Prices rise in a market economy when there is more demand than supply. There can be two reasons for this. Either the demand is increasing faster than the supply. This happens when the central bank increases the money supply excessively and also when public and private households increase their spending significantly.

Or the supply is falling faster than the demand. This can be the result of production downtime. The “3 Cs” – wars, crises, catastrophes – are often primarily responsible for this.

If both happen at the same time – i.e. if demand increases and supply decreases at the same time, it becomes particularly critical. Then an inflation avalanche can be triggered. Once set in motion, it is difficult to stop. Because it is accelerated all too quickly by its own dynamic forces.

This includes the frequently described wage-cost spirals. They arise because everyone tries to pass rising prices on to others like a hot potato as quickly and completely as possible. Those who can will pass on higher costs to customers.

Likewise, those who are able to do so will demand more salary so that the wage retains its purchasing power when shopping. After a (already short) while, everyone expects prices to keep going up. And the attempt to resist inflation achieves exactly what one actually wants to avoid: an inflationary climate develops that endangers economic prosperity, social tranquility and political stability in equal measure.

The macroeconomic textbook describes the current reality in the euro area and Germany more or less accurately. At the same time, it reveals what helps most and most sustainably in the fight against inflation: more growth.

More growth means that the offer is expanded. In this way, the gap between excessive demand and insufficient supply can be reduced. Instead of complaining about empty shelves, panic buying, queues, shortages and long delivery times or selling scarce goods to the highest bidder, production should be ramped up. Scarcity is then overcome not by rising prices but by increasing supply.

Now many will cry out and argue that more growth is neither economically possible nor socially desirable or ecologically desirable.
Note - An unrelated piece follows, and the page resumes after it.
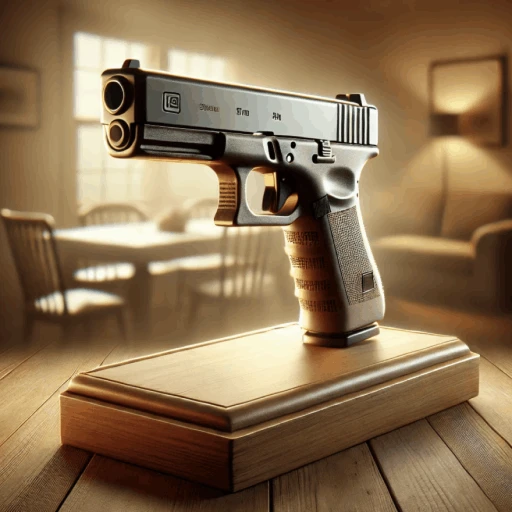 🔫 Gun Store Tycoon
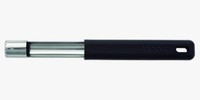 Arcos Apfelentkerner Aus Nitrum Edelstahl - Schwarz Serie Gadgets 80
The global supply chains are too severely disrupted, the growth successes are distributed too unequally and the environment and climate are burdened too much as a result.

Much of this is correct. But nothing changes the fact that none of the enormous future challenges, no major risk that threatens the existence of humanity, nor the consequences of the “3 K” nor the indeed serious distribution effects of inflation can be better managed with less growth than with more growth .

Anything that unleashes the supply, that facilitates production, that enables capacities to be used 24/7 around the clock, ensures more growth and thus helps in the fight against inflation. The fact that many things are not feasible in the short term should not be used as an excuse to at least start with them.

The Covid-19 emergency laws demonstrated what is possible in terms of reducing bureaucracy, exception rules, easier access and “New Work” if you want it. They must become the yardstick for what extraordinary measures must also be possible for a growing supply and against rising prices.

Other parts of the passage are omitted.